On Fri, Jun 28, 2013 at 17:24:42 -0400, Laine Stump wrote:
On 06/28/2013 11:04 AM, Jiri Denemark wrote:
> ---
> src/qemu/qemu_cgroup.c | 21 ++-------------------
> src/qemu/qemu_domain.c | 29 +++++++++++++++++++++++++++++
> src/qemu/qemu_domain.h | 2 ++
> 3 files changed, 33 insertions(+), 19 deletions(-)
>
> diff --git a/src/qemu/qemu_cgroup.c b/src/qemu/qemu_cgroup.c
> index 5f54ca6..22bf78e 100644
> --- a/src/qemu/qemu_cgroup.c
> +++ b/src/qemu/qemu_cgroup.c
> @@ -461,9 +461,7 @@ static int
> qemuSetupMemoryCgroup(virDomainObjPtr vm)
> {
> qemuDomainObjPrivatePtr priv = vm->privateData;
> - unsigned long long hard_limit;
> int rc;
> - int i;
>
> if (!virCgroupHasController(priv->cgroup,VIR_CGROUP_CONTROLLER_MEMORY)) {
> if (vm->def->mem.hard_limit != 0 ||
> @@ -477,23 +475,8 @@ qemuSetupMemoryCgroup(virDomainObjPtr vm)
> }
> }
>
> - hard_limit = vm->def->mem.hard_limit;
> - if (!hard_limit) {
> - /* If there is no hard_limit set, set a reasonable one to avoid
> - * system thrashing caused by exploited qemu. A 'reasonable
> - * limit' has been chosen:
> - * (1 + k) * (domain memory + total video memory) + (32MB for
> - * cache per each disk) + F
> - * where k = 0.5 and F = 200MB. The cache for disks is important as
> - * kernel cache on the host side counts into the RSS limit. */
> - hard_limit = vm->def->mem.max_balloon;
> - for (i = 0; i < vm->def->nvideos; i++)

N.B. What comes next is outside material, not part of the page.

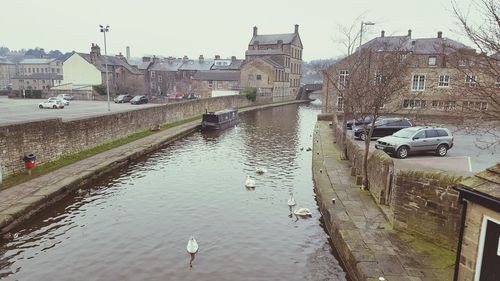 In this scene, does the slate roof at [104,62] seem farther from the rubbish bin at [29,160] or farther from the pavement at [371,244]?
the pavement at [371,244]

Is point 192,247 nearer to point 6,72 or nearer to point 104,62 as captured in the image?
point 104,62

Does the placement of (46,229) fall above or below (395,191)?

> - hard_limit += vm->def->videos[i]->vram;
> - hard_limit = hard_limit * 1.5 + 204800;
> - hard_limit += vm->def->ndisks * 32768;
> - }
> -
> - rc = virCgroupSetMemoryHardLimit(priv->cgroup, hard_limit);
> + rc = virCgroupSetMemoryHardLimit(priv->cgroup,
> + qemuDomainMemoryLimit(vm->def));
> if (rc != 0) {
> virReportSystemError(-rc,
> _("Unable to set memory hard limit for domain
%s"),
> diff --git a/src/qemu/qemu_domain.c b/src/qemu/qemu_domain.c
> index 8d79066..77b94ec 100644
> --- a/src/qemu/qemu_domain.c
> +++ b/src/qemu/qemu_domain.c
> @@ -2181,3 +2181,32 @@ cleanup:
> virObjectUnref(cfg);
> return ret;
> }
> +
> +
> +unsigned long long
> +qemuDomainMemoryLimit(virDomainDefPtr def)
> +{
> + unsigned long long mem;
> + int i;
> +
> + if (def->mem.hard_limit) {
> + mem = def->mem.hard_limit;
> + } else {
> + /* If there is no hard_limit set, compute a reasonable one to avoid
> + * system thrashing caused by exploited qemu. A 'reasonable
> + * limit' has been chosen:
> + * (1 + k) * (domain memory + total video memory) + (32MB for
> + * cache per each disk) + F
> + * where k = 0.5 and F = 200MB. The cache for disks is important as
> + * kernel cache on the host side counts into the RSS limit.
> + */
> + mem = def->mem.max_balloon;
> + for (i = 0; i < def->nvideos; i++)
> + mem += def->videos[i]->vram;
> + mem *= 1.5;
> + mem += def->ndisks * 32768;
> + mem += 204800;
> + }
I know you're just doing a cut-paste here, but I'm curious how we
arrived at this formula. On systems using vfio, it ends up locking *way*
more memory than previously. For my test guest with 4GB of ram assigned,
the old computation would lock 5GB of ram for the qemu process. With the
new method in this patch it ends up locking just about 7GB.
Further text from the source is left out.